In the financial statements for the year ended 31 December 2019 the amount of AR$1,710,824,255.51 is recorded in the Statement of Income as fees payable to the Board of Directors. The proposed remuneration, as in previous years, does not exceed the limits established under section 261 of Law 19550 and the rules of the CNV.
During the fiscal years 2018 and 2019, all directors perform technical and administrative functions, except Messrs. Alejandro Eduardo Fargosi, Martín Estanislao Gorosito and Juan Martín Monge Varela.
The members of the Audit Committee are not paid any additional fees apart from those they are paid as directors.
No member of the Board is employed by the Bank.
As evidenced by the pay sheet of directors’ remunerations published in the AIF, the computable profit for the fiscal year ended 31 December 2019 totals AR$ 34,350,644,674.79.
As evidenced by the Minutes of the General and Special Shareholders’ Meeting, as published in the AIF, the global amounts approved for the fiscal years 2016, 2017 and 2018 were AR$ 273,402,491.85, AR$ 393,452,078 and AR$ 659,862,001, respectively.
Please be advised that the amount of AR$ 31,612,734.51 is for fees to the directors of Banco del Tucumán S.A., a company merged into and absorbed by Banco Macro S.A. during the year 2019.
f. (Item 7) “Evaluate the remunerations of the members of the Supervisory Committee for the fiscal year ended December 31st 2019.” As to the proposal regarding the remunerations of the members of the Supervisory Committee, please provide a breakdown of such proposed amount; a breakdown of such proposed amount by member of the Supervisory Committee and of any advance payment by member during the year 2019. In addition, please confirm whether the amounts paid as remuneration to the Supervisory Committee during the fiscal years 2016, 2017 and 2018 were AR$ 1,224,556.20; AR$ 1,305,540 and AR$1,305,540, respectively.

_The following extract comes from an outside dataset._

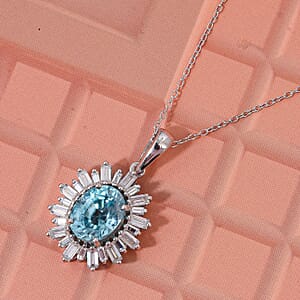 Doorbuster D'Joy Cambodian Blue Zircon and Moissanite 4.50 ctw Stellar Bloom Pendant Necklace in Rhodium Over Sterling Silver 20 Inches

The amount proposed to be paid as fees to the members of the Supervisory Committee totals AR$ 2,851,338, and includes the amount of AR$ 942,363 for fees to the syndics of Banco del Tucumán S.A., a company merged into and absorbed by Banco Macro S.A. during the year 2019.
As to the breakdown of the amount to be paid to each member of the Supervisory Committee during the year 2019, we shall comply in due time with all the provisions set forth in section 75 of Decree No. 1023/2013, as provided under the Interpretation Criterion No. 45 of the CNV. As to the amount paid to each syndic during the year 2018, we complied with all the provisions of the above mentioned rules in due time and manner.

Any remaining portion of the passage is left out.